# Crying all night....



## Cristina76 (Jan 7, 2007)

ok... so first night with my new lil puppy, with out his sister.. didnt go so good.. He cried (barked/cried/howled/screamed) on and off all night... I had him in his dog play pen. So abt 5am I moved him into his Crate, and left the crate by the couch, and he finally slept until 930am. 

Anyway Today I had to leave him alone a for a few hours 2 hours to go to the dump, and some time later I left him for abt 4 hours had dinner plans with my dad. anyway he was in the kitchen/dinning room in his play pen, and I had cooper loose in the room. well when I got home, I notice his little voice box was hoarse. I heard him crying alittle bit when i walked in the house.. I feel so bad.. but I had to go take care of buisness... So tonight i'm planning on putting him in his crate all night by my bed... I hope it's not a repeat of last night. 

Tomorrow I have to go back to work, but I have a friend and my dad going to stop by a few times during the day to check on him. make sure he didnt knock over his water... and take him outside for play time... 

I dont pick him up when he's whinning cause i dont want him to asociate that being picked up. and normally he doesn't cry.. it started last night and continued through the day today (only cry's when he's in his dog play pen, and it's not all the time, when i'm home i take him out all the time and he's roaming part of the house, playing with cooper, sleeping by me on the couch. no crying). Yes he has the blanket in his crate that still has his sisters smell on it.. and he has alot of toy's. 

I just feel horrible hearing his little voice all hoarse. 
Could it just be that he misses his Sister????
Any suggestions...


----------



## trueblue (Jan 22, 2008)

I think moving the crate into your room at night will be a huge help.


----------



## ama0722 (Nov 28, 2006)

That has worked for me and my dogs and all the fosters we have had. I just take out one of the big rubber tubs and put their crate on it (or the nightstand if it is big enough). You can slide your fingers in there and let them sniff you when they need it. I think with dogs, they sleep in packs so it is natural and expected (think of all the cute puppy pile up pics you see  )


----------



## galaxie (Dec 1, 2009)

Definitely move the crate into your room!! This should help with the crying.
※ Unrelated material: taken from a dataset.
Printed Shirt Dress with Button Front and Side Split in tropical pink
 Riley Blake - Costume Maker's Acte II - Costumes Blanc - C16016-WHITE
How long is he going to be left alone for during the day on a regular basis? If you have people coming by to check on him, make sure that they can play with him for awhile! That should help, if they can let him out and play chase or fetch or whatever, it will tucker him out and then he should be a sleepy puppy for a couple of hours. Also, make sure you play with him and play HARD for 45 minutes to an hour before you have to leave in the morning. Again with the tuckering out, and it's also important bonding time for pup.

Good luck!


----------



## Maxmom (Jul 22, 2008)

I did what Amanda did. I put the crate next to the bed where I could reach it and when he first began to whimper, I put my fingers in and scratched him a little so he would realize he wasn't alone.


----------



## eurobichons (Jan 20, 2007)

Have you tried covering the crate on 3 sides and the top, make it more den like, they really do appreciate the secrecy, leave the front door one uncovered and they can then smell you or the household environment, also try using some DAP this is a synthetic appeaser made to smell like the hormones mum produces at birth, I suppose like oxytocin.
We have also used these when we get in a small abandoned doggy http://snugglepuppys.com/category_1/SnugglePuppies-SnuggleKitties.htm

Good luck


----------



## pjewel (Apr 11, 2007)

By keeping the crate elevated next to your bed where you can put your fingers in to calm the puppy should he need it, should make your nights better during the adjustment period. I didn't have to do it for more than a couple of nights with each puppy. After that I left the crate there where I could be seen and they slept like babies through the night. 

Good luck with it.


----------



## imamurph (Apr 15, 2008)

Yeah...I was also told to put the crate on the nightstand facing me, so they could see me. It worked like a charm. And it did help to just tap the door or let them smell my hand..calmed them right down!


----------



## Brady's mom (Dec 1, 2006)

I had both boys next to me with the crate on top of a table next to the bed when they first came home. It worked like a charm!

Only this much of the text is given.